Morrison Coat of Arms / Morrison Family Crest

SURNAMES as we know them today were first assumed in Europe from the 11th to the 15th Century. They were not in use in England or in Scotland before the Norman Conquest, and were first found in the Domesday Book. The employment in the use of a second name was a custom that was first introduced from the Normans. They themselves had not long before adopted them. It became, in course of time, a mark of gentler blood, and it was deemed a disgrace for gentlemen to have but one single name, as the meaner sort had. It was not until the reign of Edward II (1307-1327) it became general practice amongst all people. MORRISON was a baptismal name 'the son of Morris'. In Latin documents the name appears as MAURICII. Early records of the name mention Andrew Mauricii who was a notary public in Scotland in 1450, and John Moricii was the burgess of Glasgow in 1480. Thomas Moris, was documented in the year 1400, in County Yorkshire. Robert Wolf married Joanne Morrys at St. James's, Clerkenwell, London in 1602. Isabell Garret married Alice Morrice, at the same church in the year 1602. Morris was the name of an extensive and powerful family in colonial North America, who played a leading part in the emergence of the nation. They were descended from Richard Morris (died 1672), who had fought in Cromwell's army and then became a merchant in Barbados.
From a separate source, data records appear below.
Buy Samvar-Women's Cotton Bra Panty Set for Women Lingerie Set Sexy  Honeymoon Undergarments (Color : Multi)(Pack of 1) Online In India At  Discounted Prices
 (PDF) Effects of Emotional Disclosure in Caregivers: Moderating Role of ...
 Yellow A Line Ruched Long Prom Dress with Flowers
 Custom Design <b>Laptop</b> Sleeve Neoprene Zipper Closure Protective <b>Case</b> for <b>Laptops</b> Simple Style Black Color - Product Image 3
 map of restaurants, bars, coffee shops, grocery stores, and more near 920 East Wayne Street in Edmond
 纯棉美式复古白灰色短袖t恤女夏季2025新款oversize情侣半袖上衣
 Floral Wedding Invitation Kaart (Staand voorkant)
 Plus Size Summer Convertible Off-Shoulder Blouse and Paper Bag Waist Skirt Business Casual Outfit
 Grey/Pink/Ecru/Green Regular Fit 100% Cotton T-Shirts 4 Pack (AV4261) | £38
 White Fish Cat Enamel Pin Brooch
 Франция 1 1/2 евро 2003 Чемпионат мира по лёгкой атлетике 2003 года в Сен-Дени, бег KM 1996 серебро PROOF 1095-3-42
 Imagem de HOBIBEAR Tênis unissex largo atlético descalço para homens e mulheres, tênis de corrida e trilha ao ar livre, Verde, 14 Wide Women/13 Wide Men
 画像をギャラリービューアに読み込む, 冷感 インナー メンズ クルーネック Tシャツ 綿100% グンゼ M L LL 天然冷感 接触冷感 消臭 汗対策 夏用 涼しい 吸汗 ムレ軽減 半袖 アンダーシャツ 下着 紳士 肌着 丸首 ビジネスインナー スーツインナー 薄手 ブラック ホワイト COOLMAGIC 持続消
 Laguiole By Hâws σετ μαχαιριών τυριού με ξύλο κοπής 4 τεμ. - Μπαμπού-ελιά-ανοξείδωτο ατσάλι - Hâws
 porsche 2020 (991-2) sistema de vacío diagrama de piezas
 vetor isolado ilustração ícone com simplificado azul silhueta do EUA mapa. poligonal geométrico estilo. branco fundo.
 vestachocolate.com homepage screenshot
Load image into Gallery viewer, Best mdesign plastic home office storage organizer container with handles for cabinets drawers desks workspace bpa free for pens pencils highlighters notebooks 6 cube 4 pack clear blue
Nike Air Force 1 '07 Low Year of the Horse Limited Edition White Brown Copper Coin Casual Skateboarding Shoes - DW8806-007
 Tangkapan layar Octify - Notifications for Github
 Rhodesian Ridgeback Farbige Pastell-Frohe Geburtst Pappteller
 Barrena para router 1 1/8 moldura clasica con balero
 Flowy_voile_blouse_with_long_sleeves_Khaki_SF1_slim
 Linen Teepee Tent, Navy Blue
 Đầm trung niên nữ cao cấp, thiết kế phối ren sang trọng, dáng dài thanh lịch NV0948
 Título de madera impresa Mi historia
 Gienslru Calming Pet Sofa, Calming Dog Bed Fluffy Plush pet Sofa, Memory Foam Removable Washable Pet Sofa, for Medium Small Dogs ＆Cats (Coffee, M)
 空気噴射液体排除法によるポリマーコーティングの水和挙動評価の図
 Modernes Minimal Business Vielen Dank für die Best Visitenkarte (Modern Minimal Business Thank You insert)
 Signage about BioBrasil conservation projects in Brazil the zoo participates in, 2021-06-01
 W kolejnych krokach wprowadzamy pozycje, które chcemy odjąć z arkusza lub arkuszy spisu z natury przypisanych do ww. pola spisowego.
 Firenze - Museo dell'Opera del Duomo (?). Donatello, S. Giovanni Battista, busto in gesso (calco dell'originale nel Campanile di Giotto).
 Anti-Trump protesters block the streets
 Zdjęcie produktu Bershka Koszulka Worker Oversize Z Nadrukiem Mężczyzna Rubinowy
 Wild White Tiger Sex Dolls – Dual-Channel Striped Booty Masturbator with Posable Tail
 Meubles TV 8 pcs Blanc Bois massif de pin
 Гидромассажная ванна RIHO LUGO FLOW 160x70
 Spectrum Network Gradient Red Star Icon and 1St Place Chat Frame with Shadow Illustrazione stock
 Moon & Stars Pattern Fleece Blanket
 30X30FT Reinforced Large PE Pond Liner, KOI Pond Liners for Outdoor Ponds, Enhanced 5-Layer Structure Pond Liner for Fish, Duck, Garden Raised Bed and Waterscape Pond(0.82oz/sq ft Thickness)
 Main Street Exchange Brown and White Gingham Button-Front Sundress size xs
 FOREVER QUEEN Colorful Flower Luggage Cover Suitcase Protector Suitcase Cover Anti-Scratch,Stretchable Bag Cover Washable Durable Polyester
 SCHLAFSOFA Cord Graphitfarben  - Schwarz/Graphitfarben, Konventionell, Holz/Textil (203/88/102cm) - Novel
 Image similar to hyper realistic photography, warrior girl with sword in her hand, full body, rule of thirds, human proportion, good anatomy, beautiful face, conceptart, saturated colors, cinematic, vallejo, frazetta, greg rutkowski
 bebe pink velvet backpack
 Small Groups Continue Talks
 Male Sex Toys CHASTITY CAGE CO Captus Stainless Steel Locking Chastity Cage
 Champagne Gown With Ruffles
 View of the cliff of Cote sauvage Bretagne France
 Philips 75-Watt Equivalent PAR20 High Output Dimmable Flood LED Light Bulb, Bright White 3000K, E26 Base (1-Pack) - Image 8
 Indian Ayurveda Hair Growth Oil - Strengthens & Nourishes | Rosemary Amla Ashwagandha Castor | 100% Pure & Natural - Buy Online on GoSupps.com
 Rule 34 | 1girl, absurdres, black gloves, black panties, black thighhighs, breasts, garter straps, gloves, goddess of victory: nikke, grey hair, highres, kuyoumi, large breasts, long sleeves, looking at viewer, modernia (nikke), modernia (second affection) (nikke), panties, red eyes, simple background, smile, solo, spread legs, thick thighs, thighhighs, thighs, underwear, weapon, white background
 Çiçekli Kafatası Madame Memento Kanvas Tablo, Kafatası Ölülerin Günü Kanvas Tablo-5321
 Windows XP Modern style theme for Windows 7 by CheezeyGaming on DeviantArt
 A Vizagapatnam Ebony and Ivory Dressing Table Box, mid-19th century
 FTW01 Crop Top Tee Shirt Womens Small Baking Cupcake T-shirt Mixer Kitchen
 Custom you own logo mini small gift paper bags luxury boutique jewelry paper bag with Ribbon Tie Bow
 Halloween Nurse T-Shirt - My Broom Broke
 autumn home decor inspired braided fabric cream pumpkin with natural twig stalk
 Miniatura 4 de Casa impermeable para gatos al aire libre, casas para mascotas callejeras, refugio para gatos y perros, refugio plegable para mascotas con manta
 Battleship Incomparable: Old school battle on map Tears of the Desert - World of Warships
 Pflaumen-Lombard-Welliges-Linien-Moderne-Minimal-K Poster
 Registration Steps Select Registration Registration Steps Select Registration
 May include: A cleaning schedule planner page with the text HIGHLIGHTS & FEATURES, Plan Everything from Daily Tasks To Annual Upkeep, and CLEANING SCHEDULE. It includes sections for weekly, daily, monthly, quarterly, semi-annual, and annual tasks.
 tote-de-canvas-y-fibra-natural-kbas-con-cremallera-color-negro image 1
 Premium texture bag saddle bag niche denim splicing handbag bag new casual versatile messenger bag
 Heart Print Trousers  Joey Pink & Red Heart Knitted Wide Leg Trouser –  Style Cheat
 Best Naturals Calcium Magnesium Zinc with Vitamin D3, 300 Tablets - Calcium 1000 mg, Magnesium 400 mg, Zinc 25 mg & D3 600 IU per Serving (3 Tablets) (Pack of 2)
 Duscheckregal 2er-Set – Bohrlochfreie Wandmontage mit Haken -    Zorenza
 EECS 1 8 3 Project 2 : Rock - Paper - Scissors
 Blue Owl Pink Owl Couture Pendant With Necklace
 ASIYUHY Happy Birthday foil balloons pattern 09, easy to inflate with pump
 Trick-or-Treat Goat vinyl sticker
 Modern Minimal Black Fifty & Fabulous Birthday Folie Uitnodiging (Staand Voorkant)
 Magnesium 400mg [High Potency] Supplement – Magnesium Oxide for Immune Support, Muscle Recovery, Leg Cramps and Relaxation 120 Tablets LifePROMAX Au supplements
His son Lewis (1671-1746) established the 'manor' of Morrisiana in New York State. His grandson Lewis (1726-98), 3rd owner of that manor, was a signatory of the Declaration of Independence. Two other grandsons, Richard and Gouverneur, were also key figures in the Revolution. However, their half-brother Staats Morris (1728-1800) was a general in the British Army and governor of Quebec. The associated arms are recorded in Sir Bernard Burkes General Armory. Ulster King of Arms in 1884. The eagle depicted in the crest is emblematical of fortitude and magnanimity of mind. The Romans used the figure of an eagle for their ensign, and their example has been often followed. It is the device of Russia, Austria, Germany and the United States of America.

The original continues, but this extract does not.